- **Task to carry out**: Beginning with the line of the entries below that holds "Then your ice" and ending with the line that holds "We will take the blood", transcribe each line exactly as written. Pictures stay out.

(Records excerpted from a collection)
※

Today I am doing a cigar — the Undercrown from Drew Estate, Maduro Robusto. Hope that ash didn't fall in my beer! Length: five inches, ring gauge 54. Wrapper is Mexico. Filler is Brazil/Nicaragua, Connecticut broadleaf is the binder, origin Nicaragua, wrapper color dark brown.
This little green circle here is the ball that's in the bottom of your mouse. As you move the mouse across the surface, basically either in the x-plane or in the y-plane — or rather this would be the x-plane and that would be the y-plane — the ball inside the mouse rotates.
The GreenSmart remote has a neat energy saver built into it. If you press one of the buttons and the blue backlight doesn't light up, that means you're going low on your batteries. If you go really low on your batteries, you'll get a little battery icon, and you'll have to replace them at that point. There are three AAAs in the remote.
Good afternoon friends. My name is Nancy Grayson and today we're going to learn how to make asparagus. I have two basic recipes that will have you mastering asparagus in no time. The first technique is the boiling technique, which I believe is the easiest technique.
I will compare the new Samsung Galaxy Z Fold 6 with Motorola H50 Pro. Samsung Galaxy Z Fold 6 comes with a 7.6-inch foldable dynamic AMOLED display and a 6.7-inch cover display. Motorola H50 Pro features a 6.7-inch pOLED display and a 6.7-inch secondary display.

※

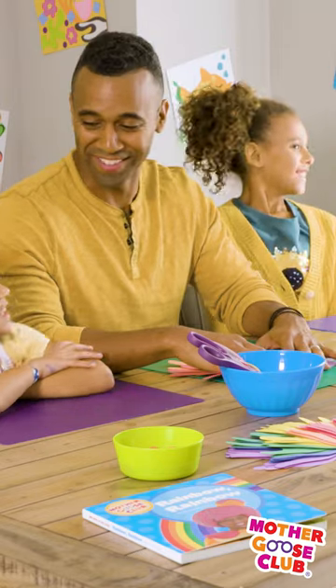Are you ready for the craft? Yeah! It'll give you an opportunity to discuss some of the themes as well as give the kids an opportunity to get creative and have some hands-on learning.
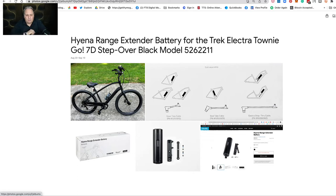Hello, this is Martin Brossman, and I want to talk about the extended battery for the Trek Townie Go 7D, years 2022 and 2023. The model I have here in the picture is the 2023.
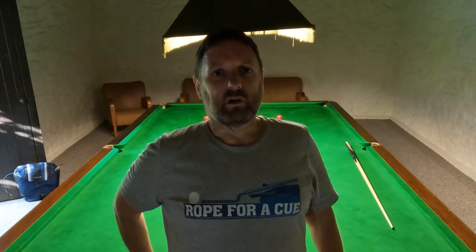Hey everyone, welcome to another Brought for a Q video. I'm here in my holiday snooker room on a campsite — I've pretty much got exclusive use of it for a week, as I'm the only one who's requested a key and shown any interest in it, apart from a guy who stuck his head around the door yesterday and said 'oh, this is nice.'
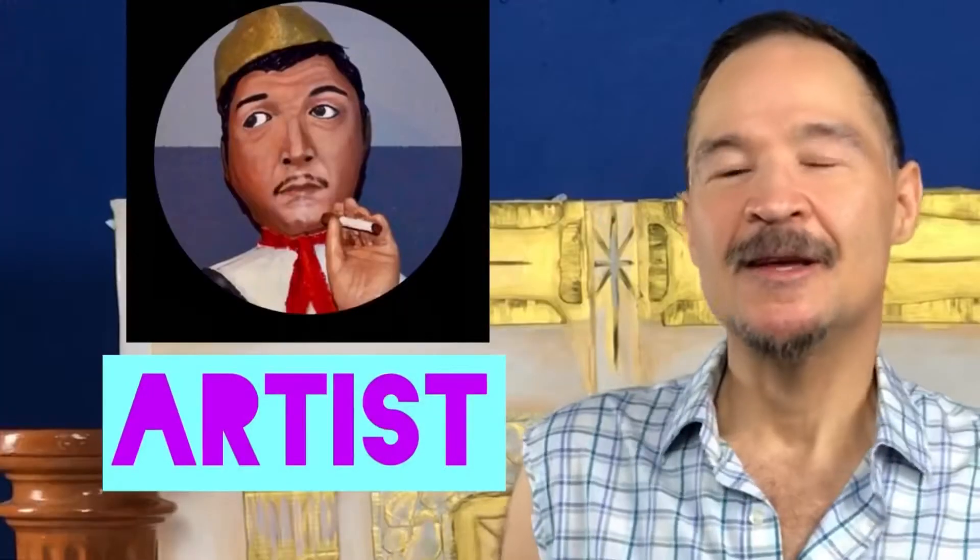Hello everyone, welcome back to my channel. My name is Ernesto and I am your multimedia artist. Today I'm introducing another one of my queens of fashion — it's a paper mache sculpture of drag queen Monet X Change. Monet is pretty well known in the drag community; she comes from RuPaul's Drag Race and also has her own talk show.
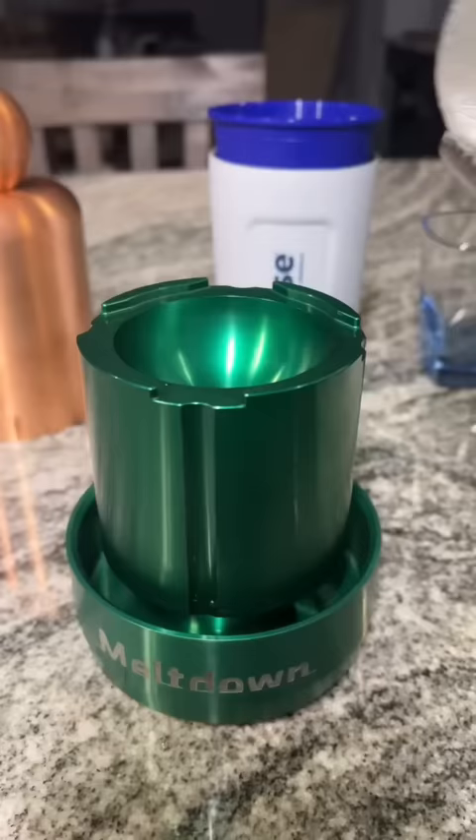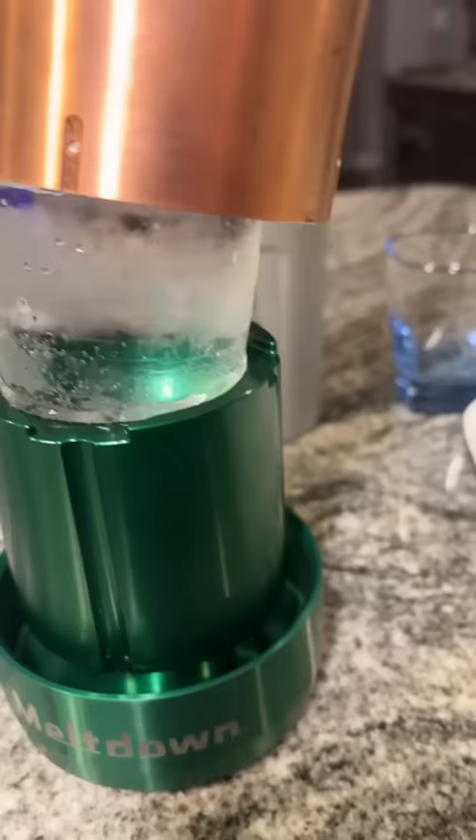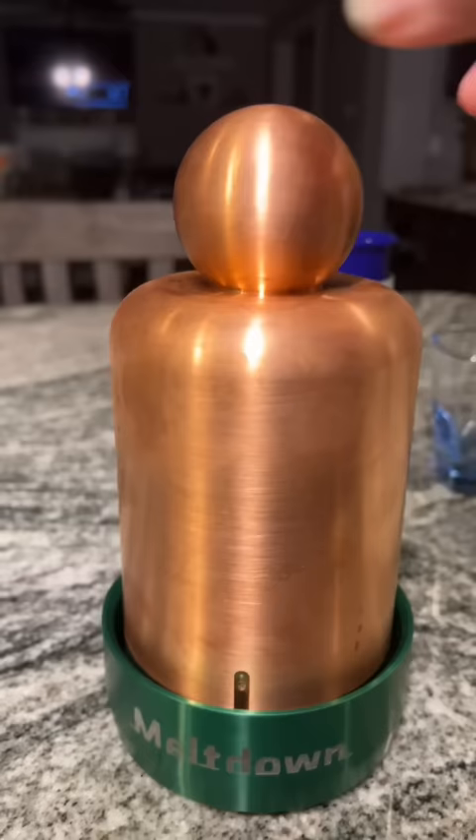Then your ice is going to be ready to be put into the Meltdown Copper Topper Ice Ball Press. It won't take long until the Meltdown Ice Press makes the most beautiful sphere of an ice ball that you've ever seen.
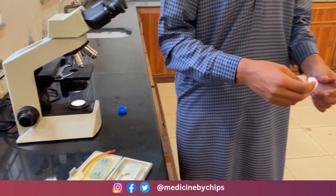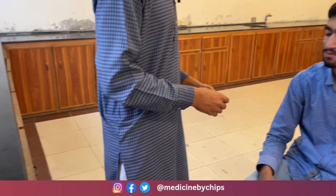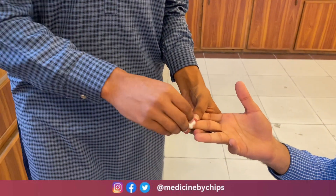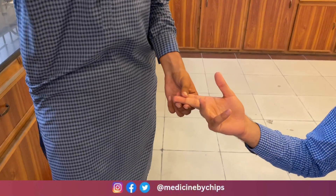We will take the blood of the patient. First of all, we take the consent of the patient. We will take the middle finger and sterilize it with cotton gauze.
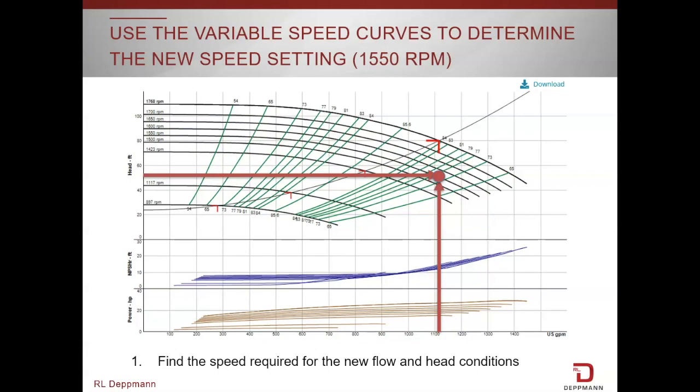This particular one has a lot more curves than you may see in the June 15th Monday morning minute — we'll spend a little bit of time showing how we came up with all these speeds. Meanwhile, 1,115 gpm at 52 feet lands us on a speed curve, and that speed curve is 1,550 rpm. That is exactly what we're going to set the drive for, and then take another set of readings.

※

- **Answer area**:
Then your ice is going to be ready to be put into the Meltdown Copper Topper Ice Ball Press. It won't take long until the Meltdown Ice Press makes the most beautiful sphere of an ice ball that you've ever seen.
We will take the blood of the patient. First of all, we take the consent of the patient. We will take the middle finger and sterilize it with cotton gauze.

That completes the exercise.